# Task to complete
Lines below starting with the line with "Building Photo - 509 W Wrightwood Ave" and going on through the line with "דירה, נחל פרת 4, אחוזת דניה, חדרה" must be output exactly; the rest of the records must be left out.

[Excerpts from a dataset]
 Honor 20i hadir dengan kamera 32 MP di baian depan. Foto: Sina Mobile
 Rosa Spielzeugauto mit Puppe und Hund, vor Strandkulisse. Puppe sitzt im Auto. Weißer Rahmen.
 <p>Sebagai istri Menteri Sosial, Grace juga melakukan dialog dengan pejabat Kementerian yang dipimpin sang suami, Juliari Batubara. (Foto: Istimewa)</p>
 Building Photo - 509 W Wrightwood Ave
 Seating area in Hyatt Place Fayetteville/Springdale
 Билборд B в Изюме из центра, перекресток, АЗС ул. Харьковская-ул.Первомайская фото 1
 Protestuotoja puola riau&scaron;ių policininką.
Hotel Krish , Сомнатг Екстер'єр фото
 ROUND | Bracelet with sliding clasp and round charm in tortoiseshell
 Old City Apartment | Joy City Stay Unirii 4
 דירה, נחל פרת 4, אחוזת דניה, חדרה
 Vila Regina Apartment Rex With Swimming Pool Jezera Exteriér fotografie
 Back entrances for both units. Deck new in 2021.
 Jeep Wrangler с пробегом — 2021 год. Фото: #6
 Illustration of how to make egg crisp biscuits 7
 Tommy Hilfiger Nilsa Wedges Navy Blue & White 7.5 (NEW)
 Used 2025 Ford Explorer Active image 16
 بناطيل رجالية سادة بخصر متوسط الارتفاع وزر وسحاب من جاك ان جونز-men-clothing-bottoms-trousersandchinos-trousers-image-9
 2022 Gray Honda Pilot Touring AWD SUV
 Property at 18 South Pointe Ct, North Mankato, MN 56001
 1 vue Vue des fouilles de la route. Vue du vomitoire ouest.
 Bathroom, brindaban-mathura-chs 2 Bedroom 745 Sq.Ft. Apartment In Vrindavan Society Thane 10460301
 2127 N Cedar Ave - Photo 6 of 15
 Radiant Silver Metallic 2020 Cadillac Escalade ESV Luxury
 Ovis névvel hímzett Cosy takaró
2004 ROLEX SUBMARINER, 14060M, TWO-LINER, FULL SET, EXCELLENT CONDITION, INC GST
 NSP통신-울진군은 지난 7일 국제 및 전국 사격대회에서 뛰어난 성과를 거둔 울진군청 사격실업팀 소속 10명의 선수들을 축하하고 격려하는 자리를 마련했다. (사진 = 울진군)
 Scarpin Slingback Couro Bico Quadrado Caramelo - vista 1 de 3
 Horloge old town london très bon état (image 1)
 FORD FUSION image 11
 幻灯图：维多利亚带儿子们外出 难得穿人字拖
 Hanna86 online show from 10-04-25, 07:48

# Task answer
 Building Photo - 509 W Wrightwood Ave
 Seating area in Hyatt Place Fayetteville/Springdale
 Билборд B в Изюме из центра, перекресток, АЗС ул. Харьковская-ул.Первомайская фото 1
 Protestuotoja puola riau&scaron;ių policininką.
Hotel Krish , Сомнатг Екстер'єр фото
 ROUND | Bracelet with sliding clasp and round charm in tortoiseshell
 Old City Apartment | Joy City Stay Unirii 4
 דירה, נחל פרת 4, אחוזת דניה, חדרה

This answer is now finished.